From the VNXe 3200 I have presented two LUNs to my VMware ESXi servers. The virtual machine I will be using to test with (SQLAO1) is on a LUN named “FAST_Pool_02” (and yes the VNXe3200 also has Fully Automated Storage Tiering, just like the VNX series). Here is a screen shot showing that SPA is the owner of this LUN, again, very different from the previous VNXe’s. On those model’s LUN’s were owned by an iSCSI server not a storage processor.

SPA is the owner of LUN "FAST_Pool_02
SPA is the owner of LUN “FAST_Pool_02

So to do the test I decided I would copy 16.2GB of linux ISO files from my VNXe3100 CIFS share to this VM.

Baseline

The first time that I transferred the 16.2GB of ISO files I was getting between 80-90MB/s as reported by windows.

Baseline Transfer Speed
Baseline Transfer Speed

Bouncing SPA

The next thing to do was to kill SPA, to do that I decided that the garage was too far to walk to so I used the SP Reboot feature in the Service System menu.

Rebooting SPA during second transfer
Rebooting SPA during second transfer

By the time that I rebooted the SP I already had the transfer running a second time. In fact it was probably half way through the transfer. When I did that Windows kept right on copying data, buffering it inside of windows for a short time. I attribute this buffering time to VMware and its native multipathing policies, because within a few seconds the buffer started flushing out just as fast as it built up. On the VMware Disk Performance graph for the SQLAO1 VM, you can see that traffic spikes down when the paths switch over, but then immediately spike back up as it starts to use the other paths through SPB.

Short buffering and flushing during SP reboot
Short buffering and flushing during SP reboot
Baseline Transfer in RED, Transfer during SP Reboot in Green, Point of Reboot is pointed to in Blue
Baseline Transfer in RED, Transfer during SP Reboot in Green, Point of Reboot is pointed to in Blue

As you can see the transfer is being limited by my 1Gbps network, because right after the path switch over, VMware dumps all of the data that has been buffering for the last 10ish seconds to the SAN and is able to spike up to 150MBps because of multipathing (BTW I just have 2 x 1Gbps links and IOPS Limit = 1 on the ESXi host).

The total time it took from when I clicked reboot until when the paths were back online and active was about 9 minutes. During that time I grabbed a screenshot of the paths list in VMware, showing that b0 and b1 ports were in use.

Path list during reboot, show SPB as owner
Path list during reboot, show SPB as owner

After the reboot was completed I checked the paths again and it had automatically failed back to SPA as the owning controller.

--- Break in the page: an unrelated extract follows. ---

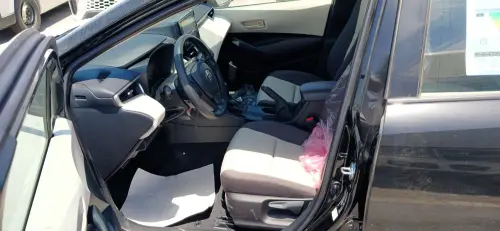 New Toyota Corolla XLI 1.6L 2026 - Black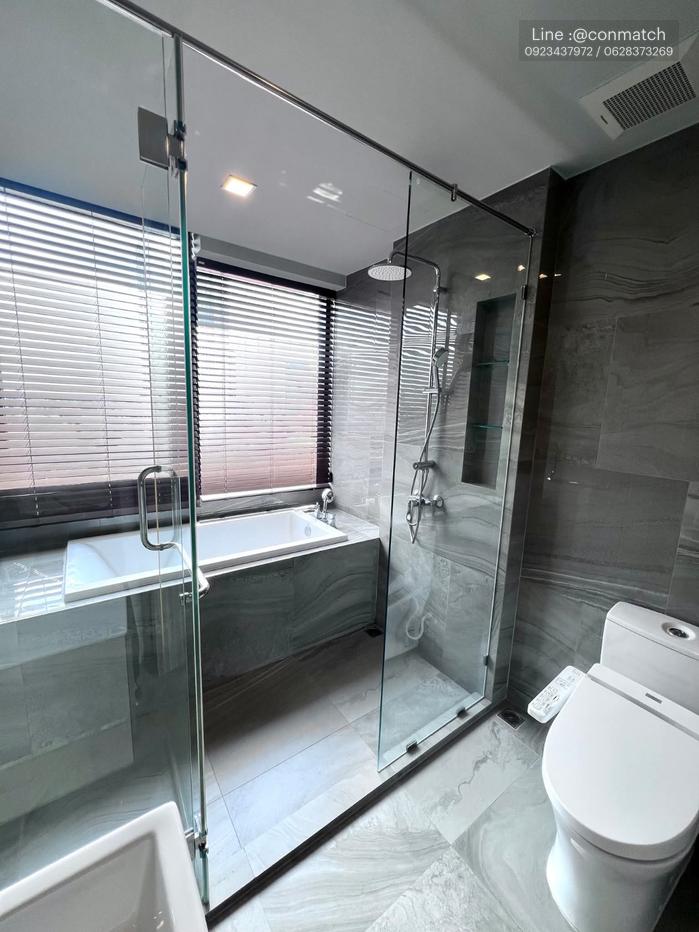รูป 1 ห้องนอน | 1 ห้องน้ำ | BTS Thong Lo | 48 ตร.ม. | 40,000 บาท/เดือน | ชั้น 8 — Ideo Q Sukhumvit 36 กรุงเทพฯ - รูปที่ 6/6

Path list after reboot showing SPA as owner again
Path list after reboot showing SPA as owner again

 

Takeaway

I’ve only had the box operational a week, maybe two at the most and already I am certainly impressed. EMC has fixed a lot of the major issues that I had with the older VNXe series. In fact I’m not entirely convinced that they should even call this box a VNXe…. but that is another post coming soon.

I see this box being a great addition to my consultant tool kit. Knowing that the VNX5100 is going away at some point, it left a small hole for the customers that needed enterprise SAN functionality in a cost-effective platform. However with the addition of FAST VP and Fast Cache into the VNXe 3200 as well as Fiber Channel and native iSCSI; it’s not hard to figure out why they picked code name KittyHawk… cause this thing does fly compared to its older brothers.

Stay tuned, more VNXe3200 articles coming as I have time to get them posted.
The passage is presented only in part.